↓

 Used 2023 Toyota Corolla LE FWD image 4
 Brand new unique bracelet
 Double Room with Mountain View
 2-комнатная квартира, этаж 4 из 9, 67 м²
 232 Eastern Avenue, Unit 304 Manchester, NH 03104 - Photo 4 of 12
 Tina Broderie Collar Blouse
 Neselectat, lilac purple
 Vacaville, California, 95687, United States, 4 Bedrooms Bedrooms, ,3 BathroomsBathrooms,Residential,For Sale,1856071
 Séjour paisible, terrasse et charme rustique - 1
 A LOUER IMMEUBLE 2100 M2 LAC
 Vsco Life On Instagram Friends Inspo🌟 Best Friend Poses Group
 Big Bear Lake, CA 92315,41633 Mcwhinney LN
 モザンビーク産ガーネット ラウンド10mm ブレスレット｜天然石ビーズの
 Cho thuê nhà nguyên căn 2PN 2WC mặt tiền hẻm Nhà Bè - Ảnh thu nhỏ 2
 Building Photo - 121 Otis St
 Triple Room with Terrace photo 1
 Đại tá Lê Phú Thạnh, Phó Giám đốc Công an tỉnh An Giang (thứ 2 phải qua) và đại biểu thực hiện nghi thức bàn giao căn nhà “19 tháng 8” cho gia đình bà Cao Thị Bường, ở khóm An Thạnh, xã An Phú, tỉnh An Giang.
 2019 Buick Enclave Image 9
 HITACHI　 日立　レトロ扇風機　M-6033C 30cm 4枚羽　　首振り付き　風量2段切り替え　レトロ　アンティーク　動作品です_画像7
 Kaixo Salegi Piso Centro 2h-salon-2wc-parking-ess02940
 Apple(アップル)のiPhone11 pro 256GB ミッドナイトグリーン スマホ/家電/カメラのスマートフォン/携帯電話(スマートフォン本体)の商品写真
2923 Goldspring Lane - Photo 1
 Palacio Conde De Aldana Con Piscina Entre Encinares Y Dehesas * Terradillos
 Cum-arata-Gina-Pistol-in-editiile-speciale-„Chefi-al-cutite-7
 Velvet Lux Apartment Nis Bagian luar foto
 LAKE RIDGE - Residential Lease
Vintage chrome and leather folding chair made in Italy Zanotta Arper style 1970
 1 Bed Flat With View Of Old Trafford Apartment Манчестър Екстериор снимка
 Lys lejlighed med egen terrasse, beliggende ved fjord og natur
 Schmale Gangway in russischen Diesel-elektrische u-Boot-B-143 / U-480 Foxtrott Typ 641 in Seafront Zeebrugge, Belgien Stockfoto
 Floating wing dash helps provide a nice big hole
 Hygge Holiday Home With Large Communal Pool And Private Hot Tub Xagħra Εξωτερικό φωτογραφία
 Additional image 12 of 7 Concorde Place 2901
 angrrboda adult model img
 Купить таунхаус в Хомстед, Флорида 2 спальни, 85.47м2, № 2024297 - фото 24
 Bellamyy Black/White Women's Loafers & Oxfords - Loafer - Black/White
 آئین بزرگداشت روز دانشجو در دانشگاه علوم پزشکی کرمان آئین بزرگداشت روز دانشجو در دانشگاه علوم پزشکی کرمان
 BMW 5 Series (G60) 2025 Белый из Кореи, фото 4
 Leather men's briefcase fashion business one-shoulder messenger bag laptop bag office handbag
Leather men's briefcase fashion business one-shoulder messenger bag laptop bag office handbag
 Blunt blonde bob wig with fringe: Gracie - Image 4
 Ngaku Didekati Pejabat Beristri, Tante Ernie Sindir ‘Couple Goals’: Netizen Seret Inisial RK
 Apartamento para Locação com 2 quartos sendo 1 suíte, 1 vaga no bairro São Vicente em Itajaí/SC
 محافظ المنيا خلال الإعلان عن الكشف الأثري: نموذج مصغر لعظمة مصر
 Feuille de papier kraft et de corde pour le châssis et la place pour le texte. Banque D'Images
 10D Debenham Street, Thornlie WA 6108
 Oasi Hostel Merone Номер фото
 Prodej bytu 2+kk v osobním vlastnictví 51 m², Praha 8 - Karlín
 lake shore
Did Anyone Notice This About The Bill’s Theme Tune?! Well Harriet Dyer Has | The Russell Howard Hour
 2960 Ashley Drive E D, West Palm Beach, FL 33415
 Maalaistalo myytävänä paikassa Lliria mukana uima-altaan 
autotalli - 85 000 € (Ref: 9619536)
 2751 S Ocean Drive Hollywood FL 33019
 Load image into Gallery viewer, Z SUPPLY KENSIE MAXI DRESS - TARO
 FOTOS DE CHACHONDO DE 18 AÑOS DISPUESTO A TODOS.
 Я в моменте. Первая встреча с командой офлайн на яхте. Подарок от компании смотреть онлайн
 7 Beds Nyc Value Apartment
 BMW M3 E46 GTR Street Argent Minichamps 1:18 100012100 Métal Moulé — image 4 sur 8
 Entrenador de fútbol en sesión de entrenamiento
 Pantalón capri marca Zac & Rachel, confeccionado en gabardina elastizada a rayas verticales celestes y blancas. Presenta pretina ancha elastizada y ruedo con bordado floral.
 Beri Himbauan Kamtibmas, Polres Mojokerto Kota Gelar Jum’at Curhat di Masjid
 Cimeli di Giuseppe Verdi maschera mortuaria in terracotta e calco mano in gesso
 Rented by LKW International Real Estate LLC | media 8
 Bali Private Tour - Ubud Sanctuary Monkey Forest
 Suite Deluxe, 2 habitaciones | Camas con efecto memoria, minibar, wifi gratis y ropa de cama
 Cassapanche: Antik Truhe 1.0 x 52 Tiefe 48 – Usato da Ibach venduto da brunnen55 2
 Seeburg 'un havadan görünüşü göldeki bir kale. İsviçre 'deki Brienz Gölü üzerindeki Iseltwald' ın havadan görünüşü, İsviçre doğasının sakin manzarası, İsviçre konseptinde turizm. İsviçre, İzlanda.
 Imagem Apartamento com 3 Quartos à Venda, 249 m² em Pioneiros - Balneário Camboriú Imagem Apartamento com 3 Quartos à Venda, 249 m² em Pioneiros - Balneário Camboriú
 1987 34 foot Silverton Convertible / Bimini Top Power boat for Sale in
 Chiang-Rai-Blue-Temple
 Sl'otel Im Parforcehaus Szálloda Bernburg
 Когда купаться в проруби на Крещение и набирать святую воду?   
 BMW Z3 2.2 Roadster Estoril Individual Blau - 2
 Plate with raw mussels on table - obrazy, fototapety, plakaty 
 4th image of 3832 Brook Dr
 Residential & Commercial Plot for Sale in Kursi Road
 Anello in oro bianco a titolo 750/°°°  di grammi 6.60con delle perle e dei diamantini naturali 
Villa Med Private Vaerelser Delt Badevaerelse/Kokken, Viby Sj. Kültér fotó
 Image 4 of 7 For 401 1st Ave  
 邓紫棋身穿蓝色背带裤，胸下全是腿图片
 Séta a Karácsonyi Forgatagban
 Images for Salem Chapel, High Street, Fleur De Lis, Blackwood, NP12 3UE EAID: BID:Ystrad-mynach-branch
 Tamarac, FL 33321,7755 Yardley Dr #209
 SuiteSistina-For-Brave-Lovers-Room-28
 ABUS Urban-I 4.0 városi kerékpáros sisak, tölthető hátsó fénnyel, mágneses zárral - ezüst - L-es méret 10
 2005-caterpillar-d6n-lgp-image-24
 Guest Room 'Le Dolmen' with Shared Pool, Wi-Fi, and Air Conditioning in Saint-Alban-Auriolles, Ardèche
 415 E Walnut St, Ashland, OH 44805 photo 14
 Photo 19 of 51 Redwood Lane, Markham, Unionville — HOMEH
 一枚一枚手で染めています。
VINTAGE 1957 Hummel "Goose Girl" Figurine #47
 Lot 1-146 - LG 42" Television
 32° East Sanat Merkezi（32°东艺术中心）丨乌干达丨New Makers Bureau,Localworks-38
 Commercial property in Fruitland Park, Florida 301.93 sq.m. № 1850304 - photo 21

↑

:: What you are asked to do ::
Beginning with the line that contains "SuiteSistina-For-Brave-Lovers-Room-28", return every line to the end of the listing, unchanged, and nothing else.

:: Response area ::
 SuiteSistina-For-Brave-Lovers-Room-28
 ABUS Urban-I 4.0 városi kerékpáros sisak, tölthető hátsó fénnyel, mágneses zárral - ezüst - L-es méret 10
 2005-caterpillar-d6n-lgp-image-24
 Guest Room 'Le Dolmen' with Shared Pool, Wi-Fi, and Air Conditioning in Saint-Alban-Auriolles, Ardèche
 415 E Walnut St, Ashland, OH 44805 photo 14
 Photo 19 of 51 Redwood Lane, Markham, Unionville — HOMEH
 一枚一枚手で染めています。
VINTAGE 1957 Hummel "Goose Girl" Figurine #47
 Lot 1-146 - LG 42" Television
 32° East Sanat Merkezi（32°东艺术中心）丨乌干达丨New Makers Bureau,Localworks-38
 Commercial property in Fruitland Park, Florida 301.93 sq.m. № 1850304 - photo 21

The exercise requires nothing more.